Short text fragments from websites:
::::
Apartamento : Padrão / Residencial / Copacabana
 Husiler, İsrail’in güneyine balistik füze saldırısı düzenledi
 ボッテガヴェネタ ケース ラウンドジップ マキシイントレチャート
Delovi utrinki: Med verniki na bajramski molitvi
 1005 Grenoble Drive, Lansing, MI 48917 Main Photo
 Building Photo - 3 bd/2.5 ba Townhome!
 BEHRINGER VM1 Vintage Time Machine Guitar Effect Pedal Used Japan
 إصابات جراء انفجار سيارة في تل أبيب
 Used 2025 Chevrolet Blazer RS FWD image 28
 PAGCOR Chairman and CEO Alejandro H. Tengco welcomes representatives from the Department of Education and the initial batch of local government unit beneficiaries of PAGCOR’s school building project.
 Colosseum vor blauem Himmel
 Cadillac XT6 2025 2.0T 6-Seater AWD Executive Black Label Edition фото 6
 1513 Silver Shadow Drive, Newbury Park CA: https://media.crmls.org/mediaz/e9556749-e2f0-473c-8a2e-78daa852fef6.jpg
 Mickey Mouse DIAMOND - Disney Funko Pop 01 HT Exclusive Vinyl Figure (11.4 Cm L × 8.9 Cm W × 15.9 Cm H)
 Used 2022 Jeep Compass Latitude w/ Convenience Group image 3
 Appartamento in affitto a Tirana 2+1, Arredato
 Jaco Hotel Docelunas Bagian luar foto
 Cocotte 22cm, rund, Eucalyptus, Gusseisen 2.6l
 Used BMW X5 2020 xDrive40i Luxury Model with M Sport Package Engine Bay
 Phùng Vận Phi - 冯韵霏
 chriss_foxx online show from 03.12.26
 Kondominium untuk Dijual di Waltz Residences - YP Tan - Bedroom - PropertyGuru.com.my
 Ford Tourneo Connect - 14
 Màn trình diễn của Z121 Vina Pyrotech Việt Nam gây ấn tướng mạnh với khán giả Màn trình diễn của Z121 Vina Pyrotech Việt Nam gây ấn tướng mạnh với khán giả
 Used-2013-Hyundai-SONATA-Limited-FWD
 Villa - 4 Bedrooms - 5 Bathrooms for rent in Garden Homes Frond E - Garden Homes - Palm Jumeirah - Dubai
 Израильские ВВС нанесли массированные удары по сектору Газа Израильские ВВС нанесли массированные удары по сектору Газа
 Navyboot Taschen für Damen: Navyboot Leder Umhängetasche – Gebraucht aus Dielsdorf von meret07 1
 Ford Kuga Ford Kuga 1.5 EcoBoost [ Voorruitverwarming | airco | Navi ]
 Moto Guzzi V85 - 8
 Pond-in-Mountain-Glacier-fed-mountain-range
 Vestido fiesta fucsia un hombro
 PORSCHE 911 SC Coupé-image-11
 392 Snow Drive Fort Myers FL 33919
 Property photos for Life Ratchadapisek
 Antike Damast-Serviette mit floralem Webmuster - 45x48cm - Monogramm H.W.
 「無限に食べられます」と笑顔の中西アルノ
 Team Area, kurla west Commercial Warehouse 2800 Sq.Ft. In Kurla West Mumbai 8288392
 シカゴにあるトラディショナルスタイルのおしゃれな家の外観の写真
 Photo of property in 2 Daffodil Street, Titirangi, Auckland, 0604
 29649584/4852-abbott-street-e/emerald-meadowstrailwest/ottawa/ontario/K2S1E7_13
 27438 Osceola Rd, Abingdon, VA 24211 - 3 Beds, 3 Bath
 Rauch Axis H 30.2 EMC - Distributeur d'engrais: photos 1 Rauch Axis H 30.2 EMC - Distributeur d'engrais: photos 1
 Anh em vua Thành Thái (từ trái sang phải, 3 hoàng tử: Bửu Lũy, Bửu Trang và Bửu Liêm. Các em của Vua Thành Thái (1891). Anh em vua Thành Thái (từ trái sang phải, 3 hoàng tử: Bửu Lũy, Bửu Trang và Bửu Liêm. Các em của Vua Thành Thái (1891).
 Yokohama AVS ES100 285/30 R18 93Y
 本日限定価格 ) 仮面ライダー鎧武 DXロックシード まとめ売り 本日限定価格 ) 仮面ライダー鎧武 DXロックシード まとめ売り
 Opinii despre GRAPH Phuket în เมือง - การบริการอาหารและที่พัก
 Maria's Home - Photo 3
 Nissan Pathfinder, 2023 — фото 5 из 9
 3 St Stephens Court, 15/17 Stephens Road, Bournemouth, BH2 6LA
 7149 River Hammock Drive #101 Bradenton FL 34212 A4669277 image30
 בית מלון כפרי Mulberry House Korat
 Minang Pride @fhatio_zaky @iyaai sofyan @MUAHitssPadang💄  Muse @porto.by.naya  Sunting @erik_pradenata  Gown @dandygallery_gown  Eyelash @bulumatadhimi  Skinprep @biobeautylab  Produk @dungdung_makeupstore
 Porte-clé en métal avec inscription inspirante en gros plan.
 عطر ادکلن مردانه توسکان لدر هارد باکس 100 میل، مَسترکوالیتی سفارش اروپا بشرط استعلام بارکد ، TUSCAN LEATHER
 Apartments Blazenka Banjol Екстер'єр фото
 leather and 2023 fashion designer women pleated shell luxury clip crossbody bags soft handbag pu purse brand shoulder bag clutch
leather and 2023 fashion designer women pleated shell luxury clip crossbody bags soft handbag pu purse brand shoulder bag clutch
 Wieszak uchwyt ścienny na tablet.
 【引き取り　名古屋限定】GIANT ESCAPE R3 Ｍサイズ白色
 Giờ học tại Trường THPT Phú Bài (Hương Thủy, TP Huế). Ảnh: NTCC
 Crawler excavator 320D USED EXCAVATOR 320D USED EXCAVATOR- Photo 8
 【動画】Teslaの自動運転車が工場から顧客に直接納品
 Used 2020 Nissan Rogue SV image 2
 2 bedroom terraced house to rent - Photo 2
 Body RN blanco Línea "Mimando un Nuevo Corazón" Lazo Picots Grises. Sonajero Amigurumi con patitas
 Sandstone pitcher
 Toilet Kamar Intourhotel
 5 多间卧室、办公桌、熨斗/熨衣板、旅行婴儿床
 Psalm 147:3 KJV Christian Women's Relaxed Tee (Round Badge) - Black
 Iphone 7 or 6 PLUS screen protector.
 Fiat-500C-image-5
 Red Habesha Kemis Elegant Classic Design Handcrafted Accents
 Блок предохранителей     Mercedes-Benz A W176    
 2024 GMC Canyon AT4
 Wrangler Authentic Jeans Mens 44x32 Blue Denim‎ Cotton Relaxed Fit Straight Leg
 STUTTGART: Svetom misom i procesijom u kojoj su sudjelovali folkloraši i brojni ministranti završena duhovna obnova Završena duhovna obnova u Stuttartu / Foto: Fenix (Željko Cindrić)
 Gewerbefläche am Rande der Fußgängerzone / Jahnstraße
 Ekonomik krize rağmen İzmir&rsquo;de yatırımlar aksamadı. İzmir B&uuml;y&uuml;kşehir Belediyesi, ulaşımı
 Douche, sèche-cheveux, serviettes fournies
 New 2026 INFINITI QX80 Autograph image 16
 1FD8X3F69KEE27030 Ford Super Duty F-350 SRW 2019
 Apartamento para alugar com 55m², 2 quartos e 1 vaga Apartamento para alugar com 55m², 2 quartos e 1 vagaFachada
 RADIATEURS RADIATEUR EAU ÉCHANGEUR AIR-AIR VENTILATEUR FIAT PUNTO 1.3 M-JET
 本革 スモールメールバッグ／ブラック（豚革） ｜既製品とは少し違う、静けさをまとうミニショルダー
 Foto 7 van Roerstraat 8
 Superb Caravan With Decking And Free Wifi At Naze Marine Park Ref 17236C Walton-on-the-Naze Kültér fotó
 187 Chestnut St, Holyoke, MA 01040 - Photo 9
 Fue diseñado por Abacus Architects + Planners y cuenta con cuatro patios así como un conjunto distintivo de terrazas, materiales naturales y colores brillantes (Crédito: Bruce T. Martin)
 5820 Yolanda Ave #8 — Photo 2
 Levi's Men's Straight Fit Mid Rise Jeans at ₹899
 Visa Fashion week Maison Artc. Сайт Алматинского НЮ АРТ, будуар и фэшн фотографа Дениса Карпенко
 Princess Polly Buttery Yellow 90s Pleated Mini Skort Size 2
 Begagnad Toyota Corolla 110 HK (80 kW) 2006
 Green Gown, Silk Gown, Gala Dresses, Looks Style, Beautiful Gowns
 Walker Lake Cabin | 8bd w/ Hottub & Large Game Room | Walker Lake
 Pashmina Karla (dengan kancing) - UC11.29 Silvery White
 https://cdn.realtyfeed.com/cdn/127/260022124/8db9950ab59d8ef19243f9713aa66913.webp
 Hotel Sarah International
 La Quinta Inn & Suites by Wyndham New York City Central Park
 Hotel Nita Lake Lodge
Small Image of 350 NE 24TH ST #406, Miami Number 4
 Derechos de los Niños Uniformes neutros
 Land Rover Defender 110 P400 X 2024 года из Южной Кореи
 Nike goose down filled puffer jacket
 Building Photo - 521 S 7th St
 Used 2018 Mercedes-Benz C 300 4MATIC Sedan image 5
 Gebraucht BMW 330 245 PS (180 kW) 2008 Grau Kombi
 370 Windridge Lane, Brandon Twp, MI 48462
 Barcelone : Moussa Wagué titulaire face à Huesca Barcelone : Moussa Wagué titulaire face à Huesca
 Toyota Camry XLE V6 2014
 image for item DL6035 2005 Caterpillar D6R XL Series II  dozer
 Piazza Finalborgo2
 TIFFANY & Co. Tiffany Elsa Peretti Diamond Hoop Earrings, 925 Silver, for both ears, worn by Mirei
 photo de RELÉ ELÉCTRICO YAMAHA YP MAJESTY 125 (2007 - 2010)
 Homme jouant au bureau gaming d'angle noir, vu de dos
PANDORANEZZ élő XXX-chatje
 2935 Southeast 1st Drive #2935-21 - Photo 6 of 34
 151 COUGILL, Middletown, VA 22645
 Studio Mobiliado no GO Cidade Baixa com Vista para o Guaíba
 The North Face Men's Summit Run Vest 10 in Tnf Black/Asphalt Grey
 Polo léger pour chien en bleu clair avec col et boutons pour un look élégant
::::
WHAT IS BEING ASKED:
From the records above, repeat exactly the lines from the one with "Levi's Men's Straight" through the one with "Walker Lake Cabin", both included.

RESULT OF THIS TASK:
 Levi's Men's Straight Fit Mid Rise Jeans at ₹899
 Visa Fashion week Maison Artc. Сайт Алматинского НЮ АРТ, будуар и фэшн фотографа Дениса Карпенко
 Princess Polly Buttery Yellow 90s Pleated Mini Skort Size 2
 Begagnad Toyota Corolla 110 HK (80 kW) 2006
 Green Gown, Silk Gown, Gala Dresses, Looks Style, Beautiful Gowns
 Walker Lake Cabin | 8bd w/ Hottub & Large Game Room | Walker Lake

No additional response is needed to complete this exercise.